[Start of section]

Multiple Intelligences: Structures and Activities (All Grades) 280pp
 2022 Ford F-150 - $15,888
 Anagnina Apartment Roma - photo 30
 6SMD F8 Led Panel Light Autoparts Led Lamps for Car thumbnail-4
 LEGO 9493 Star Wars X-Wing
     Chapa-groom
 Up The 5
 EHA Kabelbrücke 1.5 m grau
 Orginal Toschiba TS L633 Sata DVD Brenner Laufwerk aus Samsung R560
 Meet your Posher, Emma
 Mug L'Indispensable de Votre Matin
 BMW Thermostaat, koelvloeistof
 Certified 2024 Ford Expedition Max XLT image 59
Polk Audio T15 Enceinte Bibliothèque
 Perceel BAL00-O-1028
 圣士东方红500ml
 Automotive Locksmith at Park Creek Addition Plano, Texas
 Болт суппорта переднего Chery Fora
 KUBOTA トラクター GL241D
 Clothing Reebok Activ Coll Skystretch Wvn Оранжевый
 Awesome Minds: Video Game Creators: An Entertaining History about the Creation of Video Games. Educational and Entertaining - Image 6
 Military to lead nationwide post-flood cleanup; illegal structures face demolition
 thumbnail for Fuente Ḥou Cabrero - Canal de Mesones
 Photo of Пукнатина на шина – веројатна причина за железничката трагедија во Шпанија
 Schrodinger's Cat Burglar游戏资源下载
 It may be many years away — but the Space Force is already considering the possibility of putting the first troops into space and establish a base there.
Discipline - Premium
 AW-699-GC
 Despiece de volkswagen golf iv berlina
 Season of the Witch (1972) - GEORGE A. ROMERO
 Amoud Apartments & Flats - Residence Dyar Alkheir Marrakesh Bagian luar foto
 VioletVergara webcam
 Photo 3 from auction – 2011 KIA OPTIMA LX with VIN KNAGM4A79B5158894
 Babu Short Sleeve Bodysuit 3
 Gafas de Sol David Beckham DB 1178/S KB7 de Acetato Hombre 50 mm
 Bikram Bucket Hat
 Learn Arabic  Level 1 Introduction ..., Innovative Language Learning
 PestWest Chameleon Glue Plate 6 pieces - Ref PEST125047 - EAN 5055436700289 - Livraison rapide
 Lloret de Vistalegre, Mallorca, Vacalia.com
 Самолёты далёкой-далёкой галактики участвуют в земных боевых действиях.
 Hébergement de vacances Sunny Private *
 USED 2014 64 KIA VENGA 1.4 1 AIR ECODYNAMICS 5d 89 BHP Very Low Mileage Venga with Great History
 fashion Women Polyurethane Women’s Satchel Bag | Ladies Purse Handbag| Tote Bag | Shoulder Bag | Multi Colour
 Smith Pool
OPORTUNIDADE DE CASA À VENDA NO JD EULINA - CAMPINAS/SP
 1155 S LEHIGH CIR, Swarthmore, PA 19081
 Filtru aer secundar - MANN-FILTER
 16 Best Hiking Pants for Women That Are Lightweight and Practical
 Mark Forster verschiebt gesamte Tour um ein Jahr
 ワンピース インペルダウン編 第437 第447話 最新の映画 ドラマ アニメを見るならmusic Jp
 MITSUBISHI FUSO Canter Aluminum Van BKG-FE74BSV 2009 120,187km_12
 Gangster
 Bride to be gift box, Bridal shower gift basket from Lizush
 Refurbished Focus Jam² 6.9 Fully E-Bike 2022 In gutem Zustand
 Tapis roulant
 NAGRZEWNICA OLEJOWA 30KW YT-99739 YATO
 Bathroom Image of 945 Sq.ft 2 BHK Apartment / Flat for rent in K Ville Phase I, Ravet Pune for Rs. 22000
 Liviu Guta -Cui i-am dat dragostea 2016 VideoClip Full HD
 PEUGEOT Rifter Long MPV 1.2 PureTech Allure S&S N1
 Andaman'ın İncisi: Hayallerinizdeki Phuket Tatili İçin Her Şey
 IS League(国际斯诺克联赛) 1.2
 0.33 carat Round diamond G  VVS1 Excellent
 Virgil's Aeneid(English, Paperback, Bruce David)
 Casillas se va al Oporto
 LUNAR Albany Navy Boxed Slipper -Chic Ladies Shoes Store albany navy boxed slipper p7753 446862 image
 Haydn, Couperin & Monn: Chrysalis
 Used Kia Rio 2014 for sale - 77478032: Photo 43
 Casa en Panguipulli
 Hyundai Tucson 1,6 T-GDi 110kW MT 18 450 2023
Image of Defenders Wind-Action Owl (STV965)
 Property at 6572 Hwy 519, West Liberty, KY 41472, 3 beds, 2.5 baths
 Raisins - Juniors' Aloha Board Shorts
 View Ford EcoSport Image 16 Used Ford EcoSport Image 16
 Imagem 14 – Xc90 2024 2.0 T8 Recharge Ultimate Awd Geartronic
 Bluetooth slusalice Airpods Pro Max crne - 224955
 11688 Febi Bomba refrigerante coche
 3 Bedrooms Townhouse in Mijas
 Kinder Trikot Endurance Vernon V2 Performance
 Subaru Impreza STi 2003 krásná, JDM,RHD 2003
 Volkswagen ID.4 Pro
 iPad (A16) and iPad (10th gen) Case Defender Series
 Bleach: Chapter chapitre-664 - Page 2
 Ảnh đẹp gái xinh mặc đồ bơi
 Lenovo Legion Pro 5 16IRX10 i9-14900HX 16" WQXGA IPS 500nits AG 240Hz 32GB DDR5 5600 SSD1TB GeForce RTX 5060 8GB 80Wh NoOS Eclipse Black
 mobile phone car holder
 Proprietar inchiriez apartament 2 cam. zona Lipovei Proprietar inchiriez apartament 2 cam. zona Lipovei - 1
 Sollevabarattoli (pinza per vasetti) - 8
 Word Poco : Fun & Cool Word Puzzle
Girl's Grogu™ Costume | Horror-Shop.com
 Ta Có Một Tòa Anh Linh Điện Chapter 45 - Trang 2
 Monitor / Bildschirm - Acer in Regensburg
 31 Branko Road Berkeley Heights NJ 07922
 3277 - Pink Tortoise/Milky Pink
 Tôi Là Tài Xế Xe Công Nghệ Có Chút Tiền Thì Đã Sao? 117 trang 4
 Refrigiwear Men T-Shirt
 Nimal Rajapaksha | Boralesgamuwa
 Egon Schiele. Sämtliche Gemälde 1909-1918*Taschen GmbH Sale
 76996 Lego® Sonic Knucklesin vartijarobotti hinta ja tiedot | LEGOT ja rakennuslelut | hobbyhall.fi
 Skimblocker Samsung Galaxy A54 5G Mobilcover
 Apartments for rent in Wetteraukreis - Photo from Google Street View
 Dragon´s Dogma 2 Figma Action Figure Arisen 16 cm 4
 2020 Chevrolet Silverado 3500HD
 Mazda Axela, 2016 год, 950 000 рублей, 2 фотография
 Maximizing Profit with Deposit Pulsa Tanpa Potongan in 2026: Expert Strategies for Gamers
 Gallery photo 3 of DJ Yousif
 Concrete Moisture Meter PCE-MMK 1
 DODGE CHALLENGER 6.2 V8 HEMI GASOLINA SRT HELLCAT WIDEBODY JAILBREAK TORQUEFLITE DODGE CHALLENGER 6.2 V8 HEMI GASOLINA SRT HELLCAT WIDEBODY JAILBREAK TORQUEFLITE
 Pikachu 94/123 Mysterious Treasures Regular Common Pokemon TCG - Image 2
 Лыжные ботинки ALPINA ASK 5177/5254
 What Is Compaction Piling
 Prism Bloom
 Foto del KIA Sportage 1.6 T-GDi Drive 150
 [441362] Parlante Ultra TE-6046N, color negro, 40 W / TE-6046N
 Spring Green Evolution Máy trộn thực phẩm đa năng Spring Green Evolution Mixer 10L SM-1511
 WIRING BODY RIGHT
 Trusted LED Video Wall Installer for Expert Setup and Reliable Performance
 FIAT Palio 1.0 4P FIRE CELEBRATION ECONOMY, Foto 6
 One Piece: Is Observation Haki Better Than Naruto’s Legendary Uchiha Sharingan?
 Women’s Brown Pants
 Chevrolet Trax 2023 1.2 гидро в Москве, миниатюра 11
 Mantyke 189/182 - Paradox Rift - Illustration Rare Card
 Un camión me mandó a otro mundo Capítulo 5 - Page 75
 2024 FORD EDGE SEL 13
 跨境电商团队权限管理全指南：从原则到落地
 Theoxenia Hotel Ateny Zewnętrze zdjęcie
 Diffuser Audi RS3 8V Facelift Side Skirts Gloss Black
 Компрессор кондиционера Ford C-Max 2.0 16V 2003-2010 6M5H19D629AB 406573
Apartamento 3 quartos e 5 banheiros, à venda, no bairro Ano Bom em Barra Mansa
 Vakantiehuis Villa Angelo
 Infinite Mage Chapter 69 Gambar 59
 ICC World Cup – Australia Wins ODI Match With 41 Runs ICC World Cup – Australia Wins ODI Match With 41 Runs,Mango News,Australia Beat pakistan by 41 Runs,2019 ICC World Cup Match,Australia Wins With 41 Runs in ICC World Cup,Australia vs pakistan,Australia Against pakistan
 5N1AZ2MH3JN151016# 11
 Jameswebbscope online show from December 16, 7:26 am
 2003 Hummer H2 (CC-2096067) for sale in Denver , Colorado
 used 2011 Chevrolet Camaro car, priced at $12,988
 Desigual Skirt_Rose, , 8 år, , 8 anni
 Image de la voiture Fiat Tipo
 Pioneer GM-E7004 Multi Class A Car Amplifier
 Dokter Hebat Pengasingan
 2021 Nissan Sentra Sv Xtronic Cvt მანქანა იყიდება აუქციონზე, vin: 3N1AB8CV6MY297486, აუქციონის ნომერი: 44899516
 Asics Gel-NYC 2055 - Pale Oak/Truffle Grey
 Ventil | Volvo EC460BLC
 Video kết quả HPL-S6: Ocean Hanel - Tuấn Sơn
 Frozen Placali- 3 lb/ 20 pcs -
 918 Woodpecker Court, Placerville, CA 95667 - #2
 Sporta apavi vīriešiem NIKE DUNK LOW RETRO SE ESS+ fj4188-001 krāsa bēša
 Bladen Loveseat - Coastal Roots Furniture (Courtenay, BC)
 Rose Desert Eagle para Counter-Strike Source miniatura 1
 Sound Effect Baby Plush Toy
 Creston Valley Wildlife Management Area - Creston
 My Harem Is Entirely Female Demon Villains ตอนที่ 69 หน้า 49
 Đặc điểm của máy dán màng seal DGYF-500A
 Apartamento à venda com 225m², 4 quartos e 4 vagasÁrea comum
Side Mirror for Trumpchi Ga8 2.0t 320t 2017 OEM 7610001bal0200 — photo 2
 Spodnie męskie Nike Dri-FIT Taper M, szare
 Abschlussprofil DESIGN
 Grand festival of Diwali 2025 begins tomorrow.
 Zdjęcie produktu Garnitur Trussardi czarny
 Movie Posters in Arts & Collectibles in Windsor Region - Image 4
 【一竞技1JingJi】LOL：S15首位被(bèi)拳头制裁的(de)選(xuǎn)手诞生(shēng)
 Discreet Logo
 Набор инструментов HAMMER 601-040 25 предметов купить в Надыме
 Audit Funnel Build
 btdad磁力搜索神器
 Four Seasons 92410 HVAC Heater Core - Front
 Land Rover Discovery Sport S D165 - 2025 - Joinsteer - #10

[End of section]

▶ **WHAT THE TASK ASKS**
Reproduce word for word the material above, beginning with the line that contains "Image of Defenders Wind-Action Owl (STV965)" and ending with the line that contains "iPad (A16) and".

▶ **WRITTEN RESPONSE**
Image of Defenders Wind-Action Owl (STV965)
 Property at 6572 Hwy 519, West Liberty, KY 41472, 3 beds, 2.5 baths
 Raisins - Juniors' Aloha Board Shorts
 View Ford EcoSport Image 16 Used Ford EcoSport Image 16
 Imagem 14 – Xc90 2024 2.0 T8 Recharge Ultimate Awd Geartronic
 Bluetooth slusalice Airpods Pro Max crne - 224955
 11688 Febi Bomba refrigerante coche
 3 Bedrooms Townhouse in Mijas
 Kinder Trikot Endurance Vernon V2 Performance
 Subaru Impreza STi 2003 krásná, JDM,RHD 2003
 Volkswagen ID.4 Pro
 iPad (A16) and iPad (10th gen) Case Defender Series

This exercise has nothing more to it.